The Special Goodness is an American alternative rock band from Los Angeles, California, formed in 1996 by Weezer drummer Patrick Wilson. The band's line-up has included Atom Willard (drums), Weezer bassists Mikey Welsh and Scott Shriner, Pat Finn, Jeb Lewis, Lee Loretta, and Murphy Karges. The band's name comes from a description of how Wilson apparently feels when he creates music.

In May 2012, Wilson released the project's fourth studio album, Natural.

Releases
The band has released four albums, Special Goodness (aka "The Bunny Record," recorded in 1996 for, and shelved by Geffen Records, re-packaged and re-released during tours in 1999 and 2000 and given a full Japan-only release in 1998), At Some Point, Birds and Flowers Became Interesting (2001, self-released and also known as "Pinecone"), Land Air Sea (2003) and Natural (2012). After being signed to Epitaph Records in mid-2003 the band re-released a remixed and re-ordered version of Land Air Sea. Their song "Life Goes By" was featured on Punk-O-Rama Vol. 9 and an unreleased track "Not The Way" was featured on Punk-O-Rama Vol. 10. They released music videos for both "N.F.A" and "Life Goes By" from Land Air Sea, the latter being directed by weezer.com webmaster Karl Koch.

On the road
The Special Goodness began touring together in 1999. The Special Goodness was the first side-project/spin-off from Weezer (such as Space Twins, The Rentals and Homie) to ever actually open for Weezer, which they did on the band's 2002 Enlightenment Tour as Wilson minded both the duties as frontman for The Special Goodness and as drummer for Weezer. The Relationship, Brian Bell's band, would later open for Weezer on the 2008 Troublemaker Tour.

Other notable tours include a west coast tour with fellow Weezer side-project The Space Twins in 1999 and opening for the Foo Fighters in 2003, a feat that Wilson would repeat in 2005 whilst playing with Weezer.

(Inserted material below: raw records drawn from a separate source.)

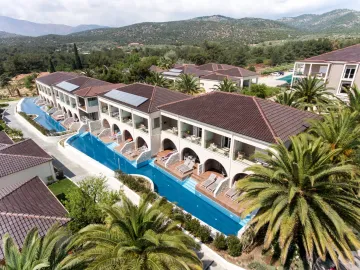 ALEXANDRA BEACH THASSOS SPA RESORT Pools & Beach
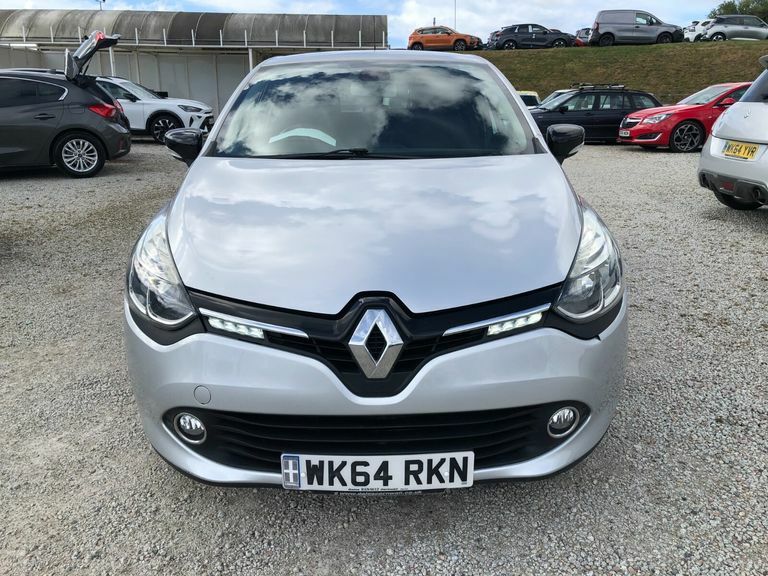 Renault Clio 0.9 Tce 90 Dynamique Medianav Energy WK64RKN Silver #6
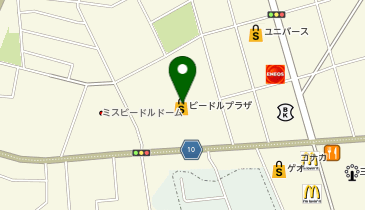 ダイソーとうてつ三沢店の地図画像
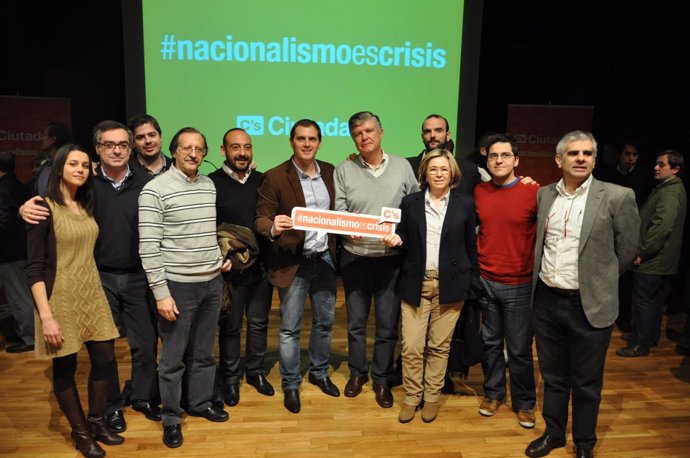 Presentacióin De La Campaña De C's #Nacionalismoescrisis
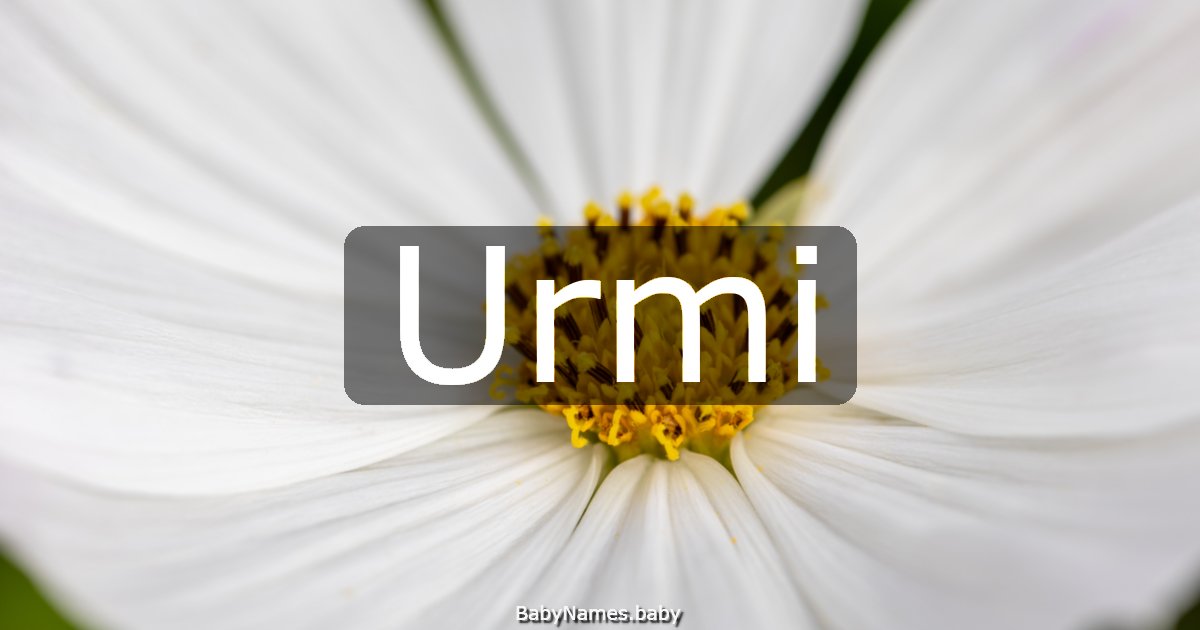 Urmi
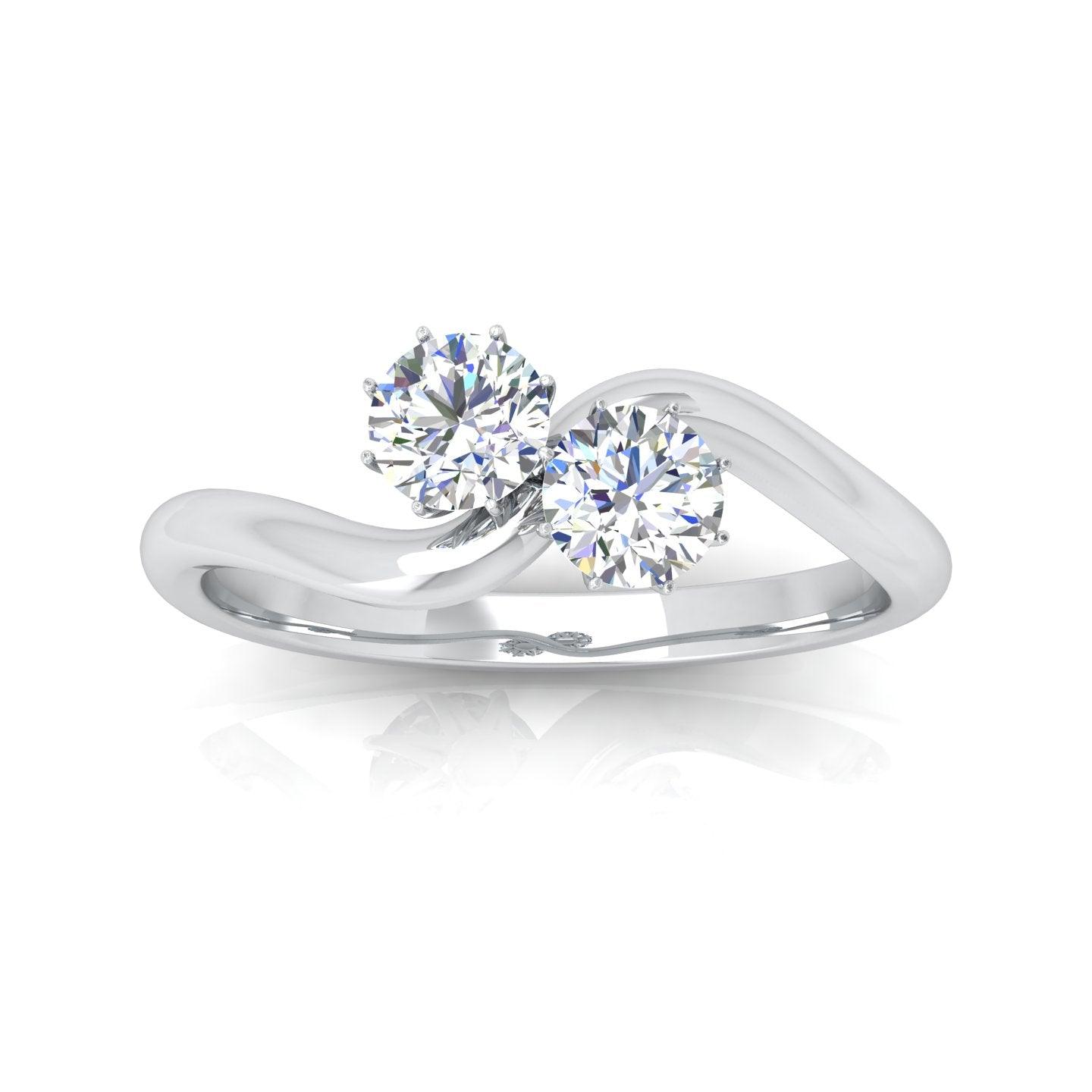 Designer Engagement Ring 
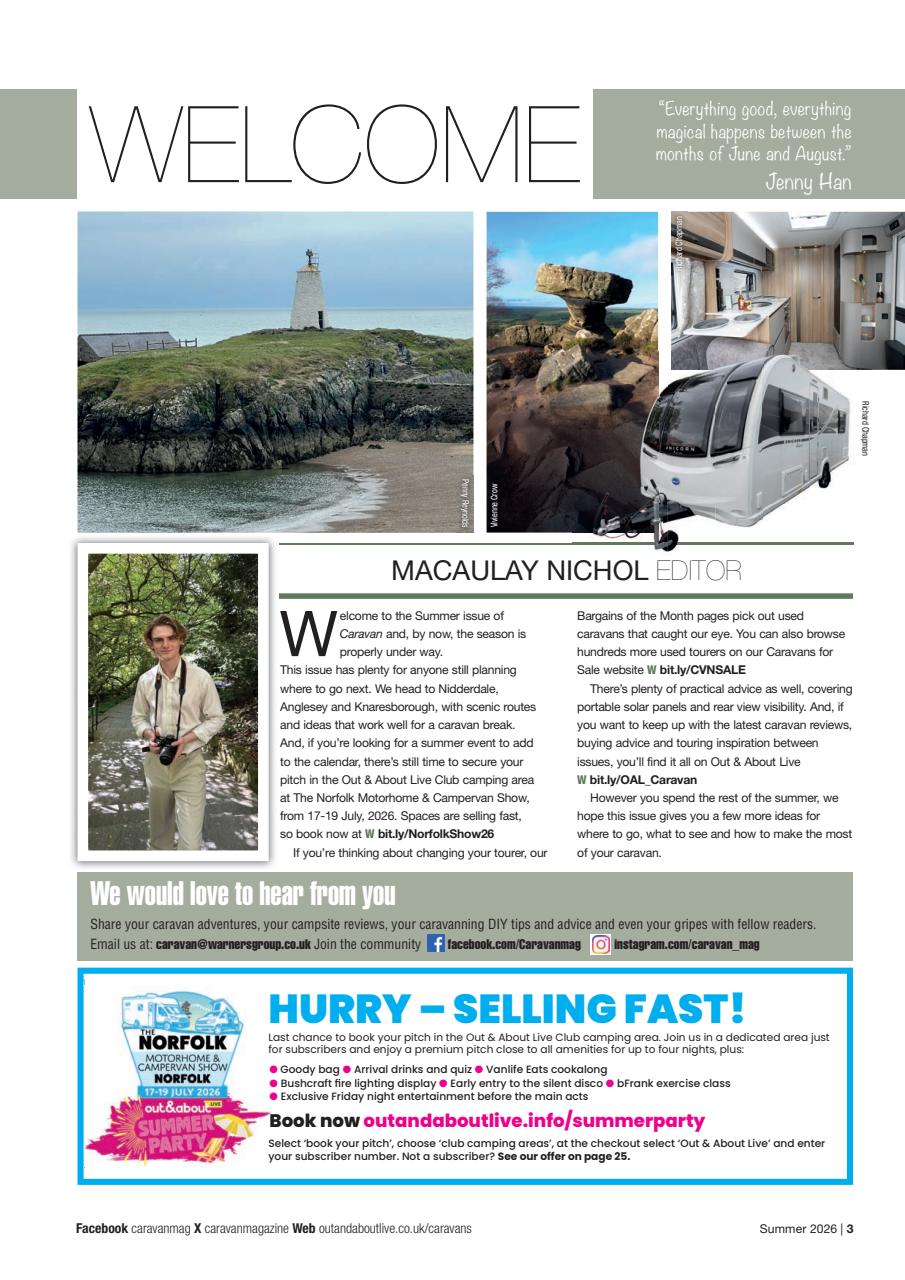 Caravan Magazine Preview Pages
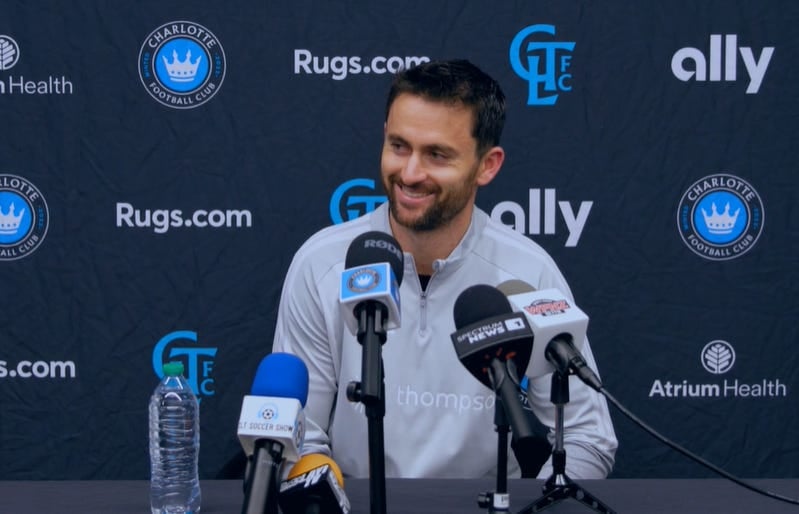 Charlotte FC introduces an understated new star 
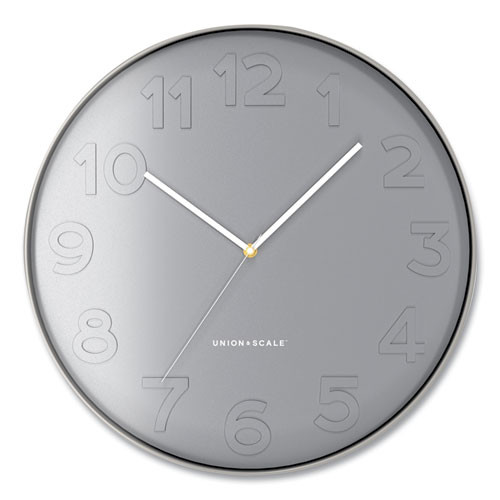 Clock,us,wall,12",gray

One of their most notable shows was on November 2, 1999 at Club Laga in Pittsburgh. The club's promoter billed the gig as "The Special Goodness playing all the Weezer Hits." The band played through their set of Special Goodness songs, but felt as if they had to live up to the bill, so an encore of "Tired of Sex" and "Undone - The Sweater Song" was played.

Writing and release of fourth album
TSG's fourth album got off to a quick start in early 2005 while Weezer's fifth album, Make Believe, was waiting to be mixed and released. Wilson, along with Scott Shriner on bass and Willard on drums, recorded a full album at The Steakhouse Studio in the San Fernando Valley with Joe Barresi engineering the sessions. Overdubbing, mixing and mastering for the album had been completed and Wilson had a tentative track list for the album, which consisted of many songs that he had written for possible inclusion in Weezer's fifth album. Yet in a January 26, 2006, post on thespecialgoodness.com, Wilson stated "In my opinion, the songs weren't very good. The lyrics, melodies, chords and playing were strong but these do not add up to compelling songs." He also claimed that "a year of playing to large audiences (with Weezer) I've begun to understand what I truly value about playing and writing. More to come." Weezer.com webmaster Karl Koch has attributed the album's non-release to "concerns of commercial viability".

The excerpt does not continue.